On Mon, Sep 13, 2010 at 6:16 AM, Kasper Daniel Hansen <
kasperdanielhansen@gmail.com> wrote:

> What follows is some random comments on the use of GRanges for storing
> data in the elementMetadata slot.  My use case is a lot of very small
> ranges (>10M ranges of width 1), which may be a special border case
> (but very important to me :).  I am particular interested in fast
> subsetting like subsetByOverlaps.
>
>
I'm not the primary developer of this package, but I have some comments:


> Comments:
>
> * I find column subsetting on the elementMetadata to be really slow,
> slower than it need to be I would say (I suspect some validity
> checking, see comment below on row subsetting).
>
>

> * There is no easy shortcut to get a specific metadata column (gr[,
> "score"] returns a GRange).  I would find it natural that gr$score
> would do that.  This is important in order to get at the data stores
> in the GRange
>
>
Others, including me, have suggested this.
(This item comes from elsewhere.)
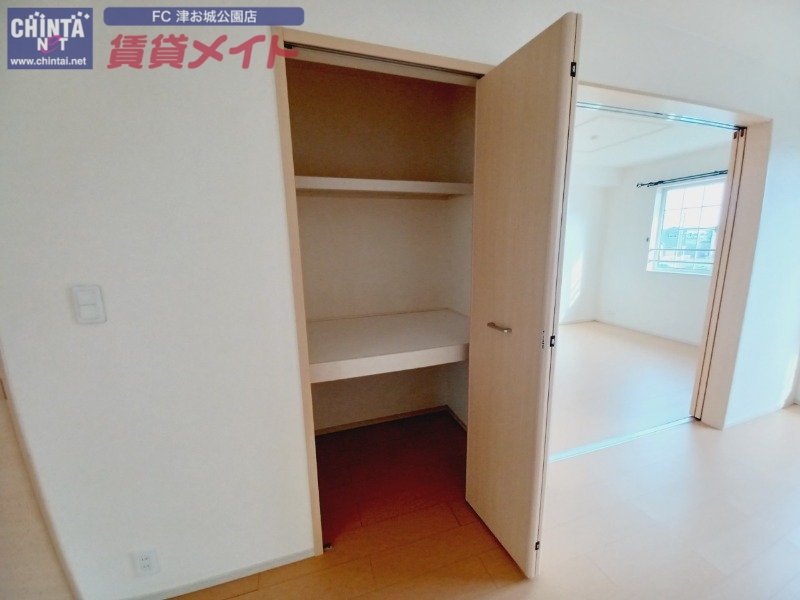 収納　同タイプ部屋写真です。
It's a design choice by the guys
in Seattle...


> * while there is a as.data.frame, as(from, "data.frame") does not work
> and I would also appreciate an as(from, "GRanges") method with from
> being a data.frame.  I have a quick function at the bottom of my
> email, for doing this.
>
>
I'm not such a big fan of as(from, "GRanges"), since it's going from
something that is loosely defined to something with more constraints. We did
not support this in RangedData either. Usually, it's not so tough to just
use the constructor, and it makes the translation more clear. I could be
convinced otherwise, though.


> * Since start, end, width are reserved column names for GRanges, it
> would be nice if the GRanges constructor was extended to allow
>  GRanges(seqnames = "chr1", start = 1, end = 10)
> instead of now where we need
>  GRanges(seqnames = "chr1", ranges = IRanges(start = 1, end = 10))
> (ok, this is pretty minor, but it is convenient)
>
> * There is no sort method implemented for GRanges; it returns an error
>
> * is.unsorted(xx) seems to always return FALSE with a warning when xx
> is an IRange or a GRange
>
> *It seems to me that row subsetting, specifically subsetByOverlaps is
> a bit too slow.  The find overlaps part is blazingly fast (when ranges
> is a single IRange); it seems like the initialization and subsetting
> part takes "more time than necessary".  This is based on comparing a
> (long) GRanges with around 8 elementMetadata columns to another
> approach where instead of using elementMetadata I use two elements of
> a list: a GRanges without elementMetadata and where the
> elementMetadata is stored in a separate data.frame - I then use
> findOverlaps to get me the indices (when I compare using a GRanges to
> using a GRanges and separate matrix, I use the "position" GRanges to
> get my indexes, which I use to subset the matrix with).
>
> Specifically here gr is a GRanges with length 25M (no elementMetadata)
> and mat is a 25M x 8 matrix
>
> grIn <- gr
> elementMetadata(grIn) <- mat
>
> ## The "classic" approach:
> system.time({
> grOut1 <- subsetByOverlaps(grIn, GRanges(seqnames = "chr1", ranges =
> IRanges(start = 1, end = 10^7)))
> })  # 4.7 secs
>
> ## Keeping gr and mat separate:
> system.time({
>    qh <- queryHits(findOverlaps(grIn, GRanges(seqnames = "chr1",
> ranges = IRanges(start = 1, end = 10^7))))
>    grOut2 <- list(gr[qh],  mat = mat[qh,])
> }) #  0.9 secs
>
> ## Doing the above, but forming a GRange after the subsetting adds
> just a small overhead
> system.time({
>    qh <- queryHits(findOverlaps(grIn, GRanges(seqnames = "chr1",
> ranges = IRanges(start = 1, end = 10^7))))
>    grOut3 = gr[qh]
>    elementMetadata(grOut3) <- mat[qh,]
> }) # 1.1 secs
>
>
> * For really large query GRanges timing results (not shown) seems to
> indicate that the line
>    query[!is.na(findOverlaps(query, subject, maxgap = maxgap,
>        minoverlap = minoverlap, type = type, select = "first"))]
> in subsetByOverlaps(query = "GRanges", subject = "GRanges") could be
> made faster by changing it to
>    query[queryHits(findOverlaps(query, subject, maxgap = maxgap,
>        minoverlap = minoverlap, type = type))]
> (my timing is for about a query length of 30M and a subject length of 1)
>
>
Right, select = "first" will be slow for GRanges, since at the low-level it
does a findOverlaps(select="all"), and then filters for "first".  It is not
clear to me why it always does "all" here. Convenience of implementation?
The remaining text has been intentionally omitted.